Das Sanierungsvorhaben muss im Hinblick auf den allgemeinen Bauzustand und die voraussichtliche Restnutzungsdauer des Objektes wirtschaftlich vertretbar sein. Der auf Grund der Sanierung zu erwartende erhöhte Mietzins muss im Vergleich zu angemessenen Mietzinsen wirtschaftlich vertretbar und ortsüblich sein.
Wohnhäuser oder Wohnheime, deren Sanierung einen erheblichen Kostenaufwand erfordert, müssen nach Durchführung der Sanierung, insbesondere hinsichtlich der Energie- und der Wasserversorgung und der Abwasserbeseitigung eine zeitgemäße Ausstattung aufweisen.
Die Förderung für die Vergrößerung eines Objektes wird ohne gleichzeitige Sanierung des Bestandes nur dann gewährt, wenn die förderbare Nutzfläche der Erweiterung mindestens 10 m² beträgt.
Im Falle der Errichtung oder Umgestaltung von Heizungen, an die mindestens zwei Wohnungen angeschlossen werden, sind diese mit Geräten zur zumindest näherungsweisen Erfassung des Heizwärmebedarfes je Wohnung auszustatten.
Bei der Ausführung der geförderten Maßnahmen dürfen nur Baustoffe verwendet werden, in denen keine Stoffe wie FKW, HFKW, FCKW, HFCKW oder SF6 enthalten sind.
Erfolgt die Finanzierung der Sanierungsmaßnahmen teilweise durch die Aufnahme eines Kredits und teilweise durch Eigenmittel, so ist entweder ein Annuitätenzuschuss zur Stützung des aufgenommenen Kredits oder ein einmaliger Zuschuss möglich.
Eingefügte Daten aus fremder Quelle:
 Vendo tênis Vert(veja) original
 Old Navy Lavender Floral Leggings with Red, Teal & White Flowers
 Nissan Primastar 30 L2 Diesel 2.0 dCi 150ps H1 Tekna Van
Dem Förderungswerber steht das Wahlrecht zu.
Im Fall der Inanspruchnahme eines (Hypothekar-)Kredits darf der Kreditgeber (Teil-)Auszahlungen dieses Kredits nur nach gesonderter Zustimmung des Förderungswerbers durchführen. Diese Zustimmung entfällt, wenn eine gemeinnützige Bauvereinigung von einer Wohnungseigentumsgemeinschaft mit der Durchführung der Sanierungsmaßnahmen beauftragt wird.
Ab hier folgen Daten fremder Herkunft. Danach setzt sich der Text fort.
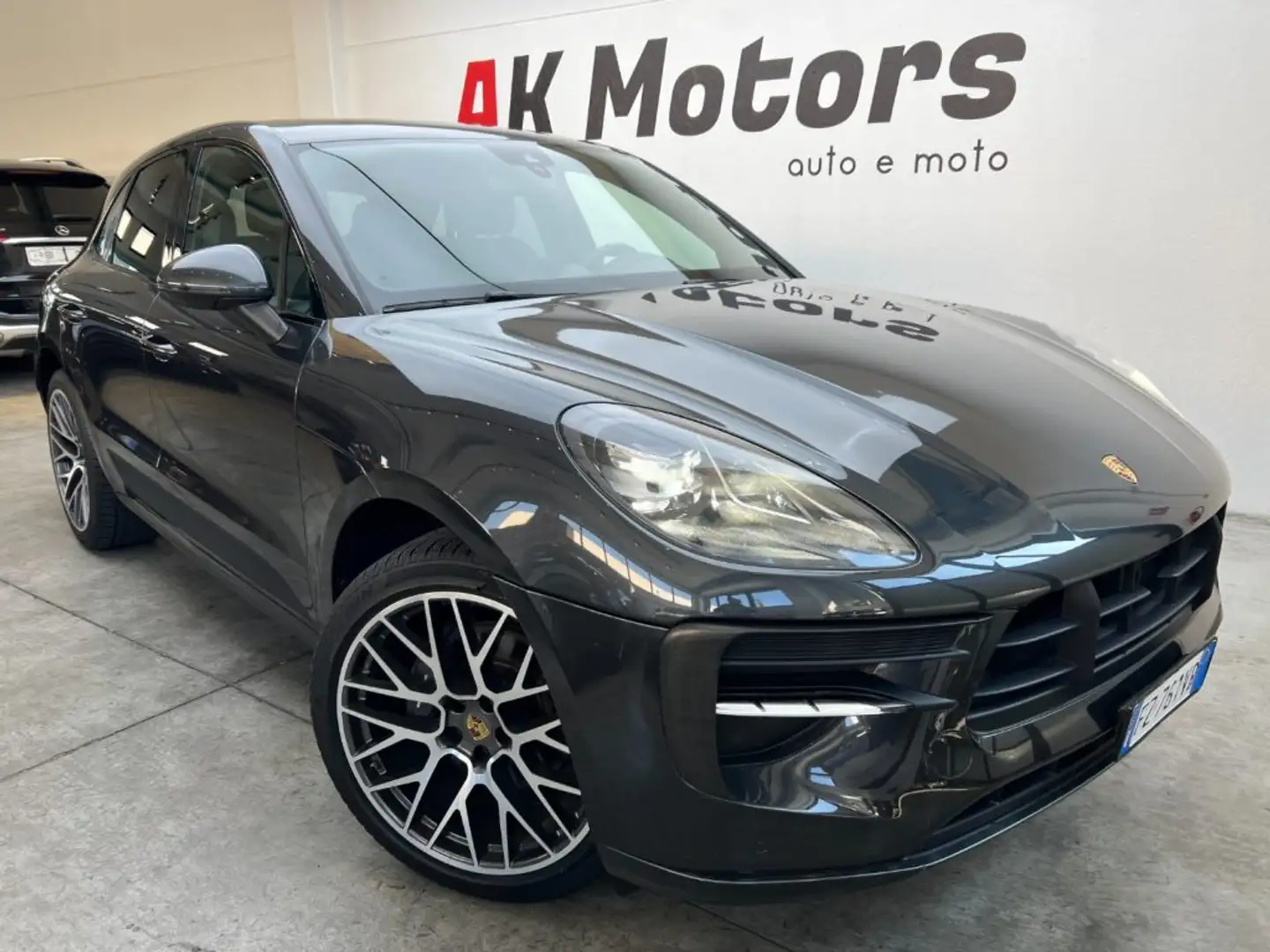 Porsche Macan 2.0 Grijs - 1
Eine Förderung wird nur gewährt, wenn das Land mit Zustimmung des Förderungswerbers in Verbindung mit der Einreichung eines Ansuchens oder der Abwicklung eines Vorhabens auch die Stellungnahme der jeweiligen Gemeinde oder Auskünfte anderer Institutionen (u.a. auch Auskünfte über das Einkommen bei der Finanzbehörde) einholen und erhalten kann.
Von der Förderung ausgeschlossen sind :
Wohnhäuser (Eigenheime), Wohnungen und Wohnheime, die nicht zur Befriedigung eines regelmäßigen Wohnbedürfnisses der Bewohner (als Hauptwohnsitz) bestimmt sind bzw. nicht dem unmittelbaren Wohnbedarf begünstigter Personen dienen (z.B. Ferien-, Vorsorgewohnungen, Pflegeheime ohne Wohnheimcharakter)
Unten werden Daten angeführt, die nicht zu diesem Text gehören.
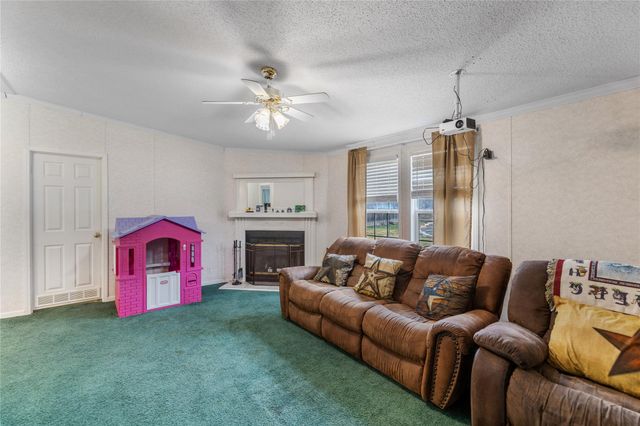 1005 Baumgarten ST, Schulenburg, TX 78956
Wohnhäuser, die zu mehr als der Hälfte im Eigentum des Bundes oder des Landes stehen, außer der Wohnungsinhaber sucht um die Gewährung einer Förderung an.
Wohnhaussanierungsvorhaben, deren förderbare Kosten den Betrag von EUR 1.500,- nicht überschreiten, werden nicht gefördert.